The Jamestown Foundation think tank in a report published in September last year said that oil rigs could serve as relay stations for drone communications, and that China’s oil rigs around the Pratas Islands are boosting its “kill chain,” as well as its command, control, communications, computers, cyber, intelligence, surveillance, reconnaissance and targeting (C5ISRT) capabilities.
Photo courtesy of Chen Ching-neng
China has 12 oil rigs around Pratas Islands, owned by the China National Offshore Oil Company (CNOOC), including seven rig structures, three floating production storage and offloading vessels, and two semi-submersible oil platforms, it said.
These state-owned structures have dual-use potential and “may be more valuable for constraining Taiwan’s space than for their nominal commercial purpose of extracting oil,” the report said.
These structures could be integrated into the state-owned China Electronics Technology Group Corp’s “Blue Ocean Information Network,” functioning as relay stations for drone communications, and “facilitate a full range of coercion, blockade, bombardment and/or invasion scenarios against Pratas or Taiwan more generally,” it said.
Then-CNOOC chairman Wang Yilin (王宜林) in 2012 said “large-scale deep-water rigs are our mobile national territory and a strategic weapon,” the report said, warning that oil rigs “advance territorial claims, establish creeping jurisdictional presence in contested spaces and shape the operational environment in Beijing’s favor without open conflict — often under the guise of commercial activity.”

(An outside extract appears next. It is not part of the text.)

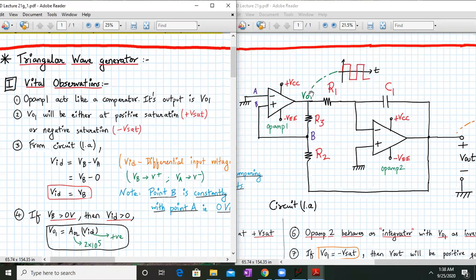This is the triangular wave generator. OPAMP number 1 is actually working as a comparator. It is comparing the voltage at point B with point A, and node voltage A is actually zero. So OPAMP number 1 will compare the node voltage B with zero voltage. The output of comparator OPAMP number 1 is VO1, which will be a square wave. This is fed to OPAMP number 2 as input. VO1 will act as an input for OPAMP number 2, which is connected in the inverting mode as an integrator circuit.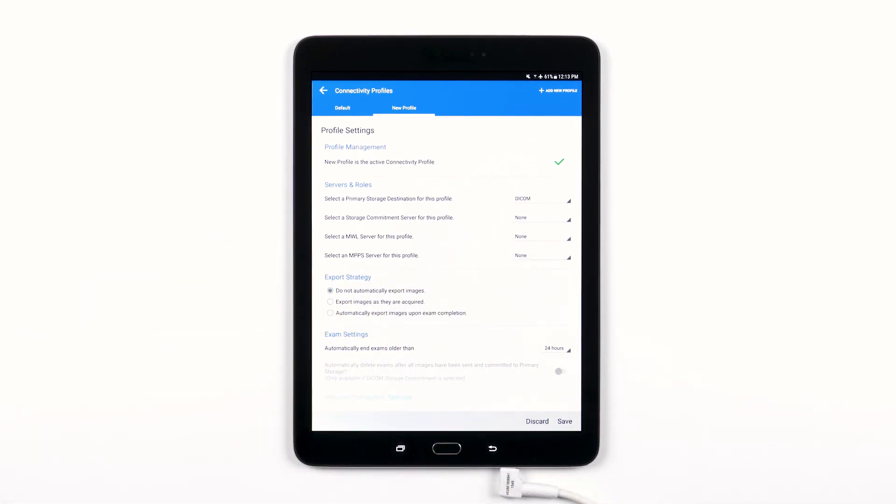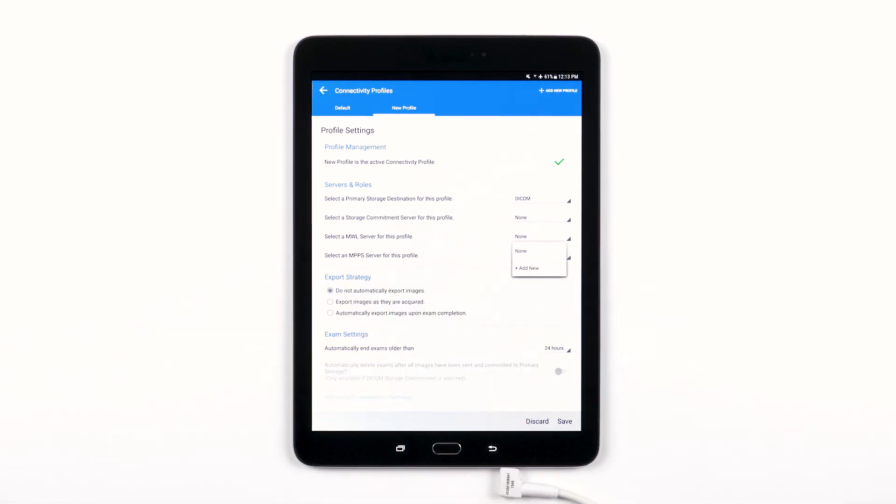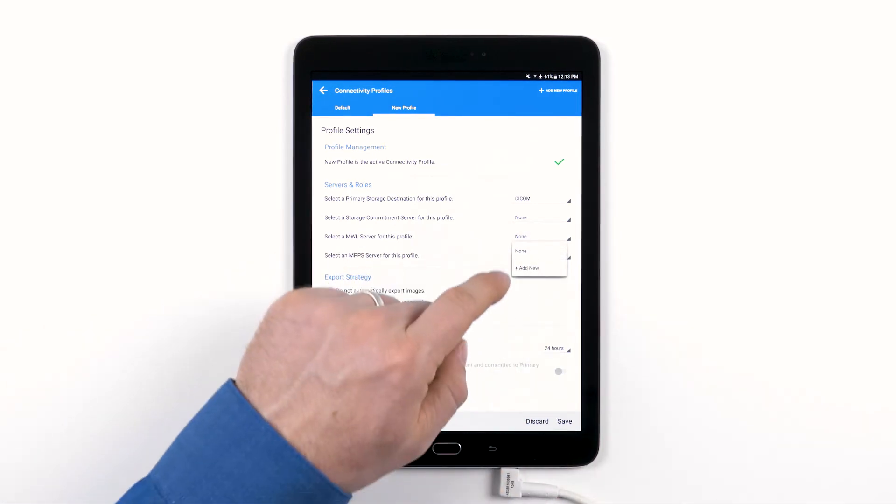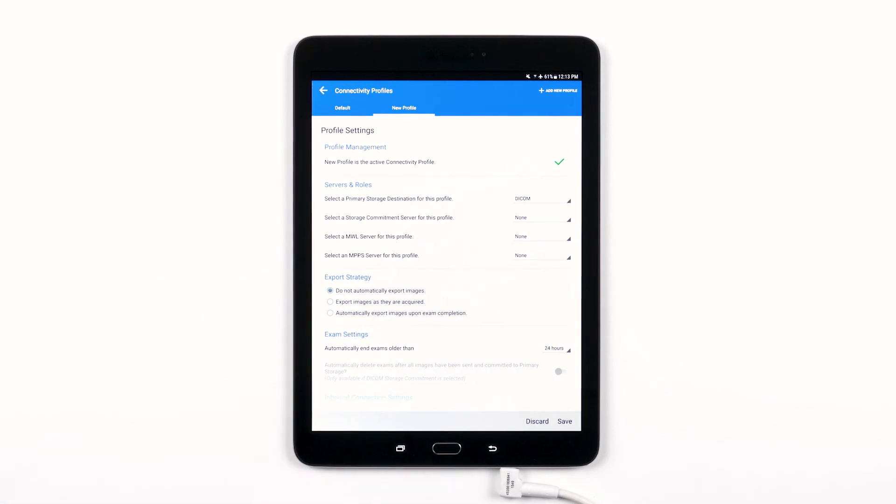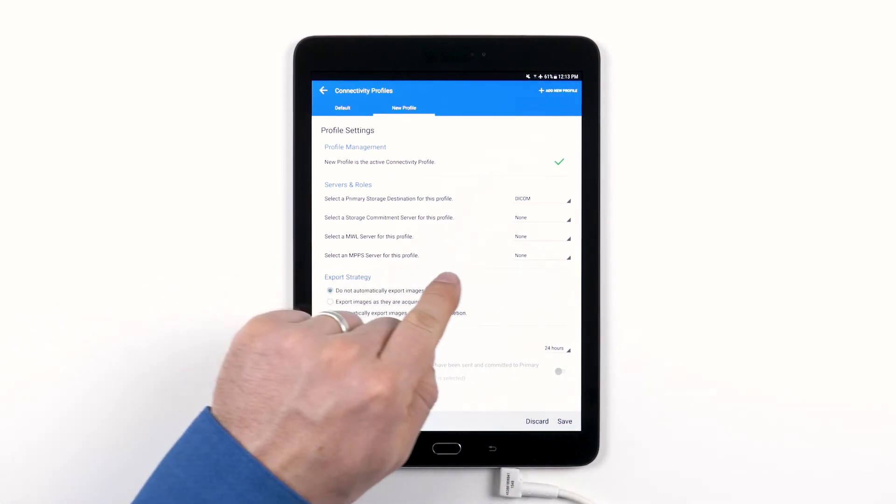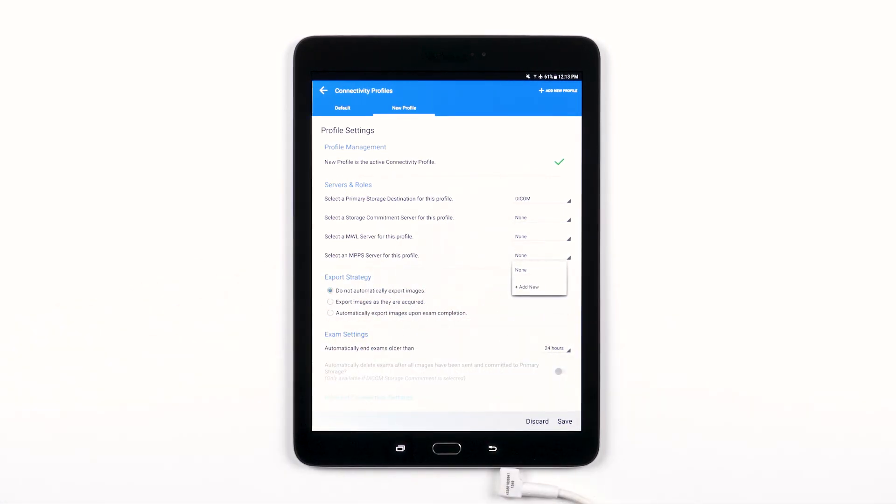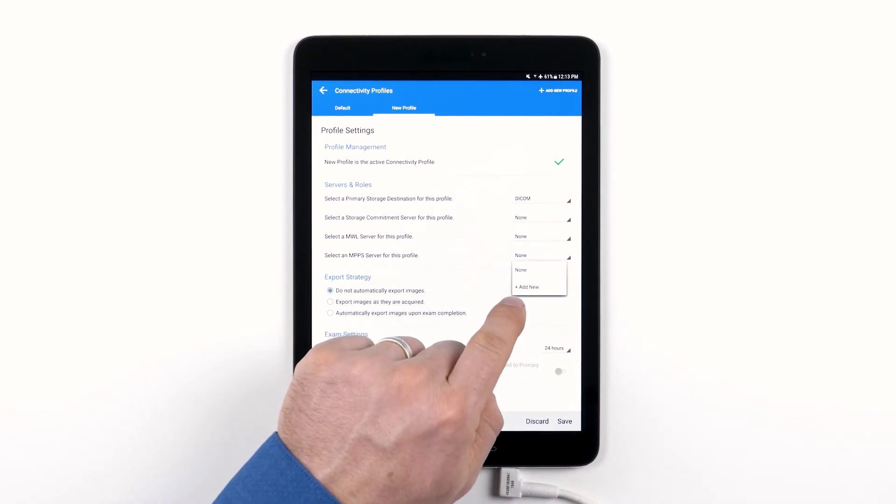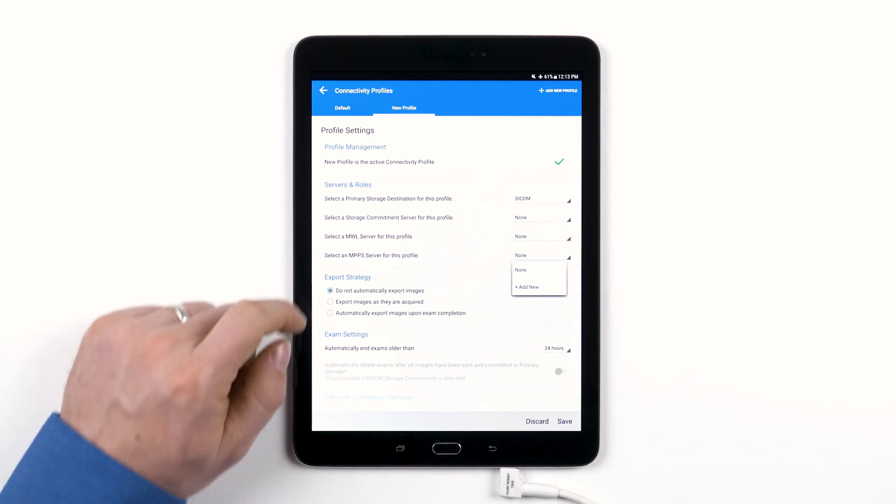This is where you will select an existing modality worklist server or set up a new one through a similar process as shown before. Similarly, if you have an existing modality performed procedure step server or MPPS server, add that server by tapping where it says None and tap Add New to walk through the process to set up a new one.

Although these actions are nominally commercial, they are a classic example of China’s “gray zone” threats, Institute for National Defense and Security Research assistant research fellow Alice Yang (楊長蓉) said.
On the surface, they are tools for developing resources, but they could also be used to gather intelligence and deploy the military, Yang said.
Establishing offshore platforms inside Taiwan’s EEZ without permission infringes on UN law, but Taiwan cannot dispute this, as it is not a UN member, she added.
In addition to diplomatic protests, Taiwan should respond to China’s drone and platform incursions by clarifying domestic laws, coordinating with agencies and bolstering international legal arguments to better protect key maritime resources, Yang said.